== Segment start ==
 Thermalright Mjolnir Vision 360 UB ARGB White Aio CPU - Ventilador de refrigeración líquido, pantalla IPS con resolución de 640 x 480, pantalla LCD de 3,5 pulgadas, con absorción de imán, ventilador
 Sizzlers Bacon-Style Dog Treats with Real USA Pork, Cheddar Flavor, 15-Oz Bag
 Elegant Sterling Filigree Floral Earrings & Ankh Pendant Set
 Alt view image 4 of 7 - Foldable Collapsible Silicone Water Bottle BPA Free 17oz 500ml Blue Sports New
== Segment end ==
What is being asked:
A faithful transcription of all the material is what this exercise calls for.

Written answer:
 Thermalright Mjolnir Vision 360 UB ARGB White Aio CPU - Ventilador de refrigeración líquido, pantalla IPS con resolución de 640 x 480, pantalla LCD de 3,5 pulgadas, con absorción de imán, ventilador
 Sizzlers Bacon-Style Dog Treats with Real USA Pork, Cheddar Flavor, 15-Oz Bag
 Elegant Sterling Filigree Floral Earrings & Ankh Pendant Set
 Alt view image 4 of 7 - Foldable Collapsible Silicone Water Bottle BPA Free 17oz 500ml Blue Sports New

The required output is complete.